Julie Laurence, 1903

Ce matin, tout le monde sera triste. La voix de ma mère si présente, un peu trainante parfois, surtout ces derniers mois, ne me réchauffera pas….La lassitude se ressentait, la peur et la tristesse se mêlaient...Ce matin, je ne l’entends pas; elle a pourtant passé la nuit à veiller le corps de Papa et ses sanglots m’ont accompagnée toute ma nuit. .
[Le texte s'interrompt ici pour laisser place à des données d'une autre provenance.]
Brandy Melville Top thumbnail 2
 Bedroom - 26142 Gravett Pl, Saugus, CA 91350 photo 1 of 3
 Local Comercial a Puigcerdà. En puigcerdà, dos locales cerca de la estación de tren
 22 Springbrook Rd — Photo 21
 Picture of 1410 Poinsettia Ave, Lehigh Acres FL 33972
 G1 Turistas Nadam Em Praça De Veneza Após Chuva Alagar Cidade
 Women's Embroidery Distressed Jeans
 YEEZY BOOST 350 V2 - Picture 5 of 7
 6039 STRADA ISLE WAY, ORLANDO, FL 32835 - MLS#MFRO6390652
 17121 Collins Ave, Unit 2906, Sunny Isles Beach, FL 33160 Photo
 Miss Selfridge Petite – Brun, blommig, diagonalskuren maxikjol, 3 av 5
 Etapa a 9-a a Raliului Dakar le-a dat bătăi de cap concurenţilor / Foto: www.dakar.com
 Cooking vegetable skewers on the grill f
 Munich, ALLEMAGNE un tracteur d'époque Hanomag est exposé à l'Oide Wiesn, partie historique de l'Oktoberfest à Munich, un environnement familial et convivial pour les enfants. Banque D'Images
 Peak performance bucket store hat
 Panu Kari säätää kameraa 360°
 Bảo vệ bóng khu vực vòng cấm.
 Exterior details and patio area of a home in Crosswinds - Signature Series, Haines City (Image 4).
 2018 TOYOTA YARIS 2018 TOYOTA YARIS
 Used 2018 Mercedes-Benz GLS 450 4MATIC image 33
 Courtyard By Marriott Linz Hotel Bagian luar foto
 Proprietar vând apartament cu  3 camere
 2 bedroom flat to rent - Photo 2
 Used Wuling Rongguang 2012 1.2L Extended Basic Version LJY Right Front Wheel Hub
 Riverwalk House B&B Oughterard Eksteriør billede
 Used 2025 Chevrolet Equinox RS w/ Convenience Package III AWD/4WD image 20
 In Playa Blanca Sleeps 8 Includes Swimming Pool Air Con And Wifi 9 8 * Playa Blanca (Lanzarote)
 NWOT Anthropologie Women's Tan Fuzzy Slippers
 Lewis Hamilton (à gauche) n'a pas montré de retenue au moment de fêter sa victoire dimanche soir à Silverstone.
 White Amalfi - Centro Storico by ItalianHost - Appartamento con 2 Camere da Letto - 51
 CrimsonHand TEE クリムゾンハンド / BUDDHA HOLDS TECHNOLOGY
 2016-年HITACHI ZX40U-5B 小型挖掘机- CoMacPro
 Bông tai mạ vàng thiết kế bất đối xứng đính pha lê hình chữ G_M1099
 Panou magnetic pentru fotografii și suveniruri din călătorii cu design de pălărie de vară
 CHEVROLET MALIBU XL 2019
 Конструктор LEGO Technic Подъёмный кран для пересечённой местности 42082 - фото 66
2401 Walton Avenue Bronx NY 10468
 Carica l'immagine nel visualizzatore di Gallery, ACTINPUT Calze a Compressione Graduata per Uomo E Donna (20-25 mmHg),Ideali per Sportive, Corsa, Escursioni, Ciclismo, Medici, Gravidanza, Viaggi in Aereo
A -t -elle encore assez de courage pour parler, pour me regarder, pour oser montrer ses yeux rouges et fatigués de tant de nuits à veiller, à dormir sur la chaise…

C’est Novembre, mais les gros nuages balayés par le vent d’ouest, sont partis et le ciel tout propre va nous glacer le sang. Ma robe noire, toute simple, est prête…A quoi je vais ressembler…je vais lui faire peur, lui qui aimait tant mon allure de « petite princesse »…sa fée des aiguilles…

Maman descend ; je l’entends…comment lui dire que je suis là, avec elle, comment lui montrer ma tendresse, alors que je sens comme un barrage dans son cœur…Heureusement, Marthe est là ; on sera toutes les deux pour se soutenir. Marthe, c’est comme ma sœur : mes parents l’ont adoptée il y a quelques années….Nous vivions sa famille et moi, sur le même palier rue de Courcelles, quand j’étais petite fille. On était toujours chez l’une ou chez l’autre…Sa mère était couturière …et son père charron. Ses parents sont morts lors de l’épidémie de grippe russe  de 1890. Cette pandémie a fait des ravages  à travers le Monde…J’étais petite et me souviens pas. Depuis, Marthe vit avec nous.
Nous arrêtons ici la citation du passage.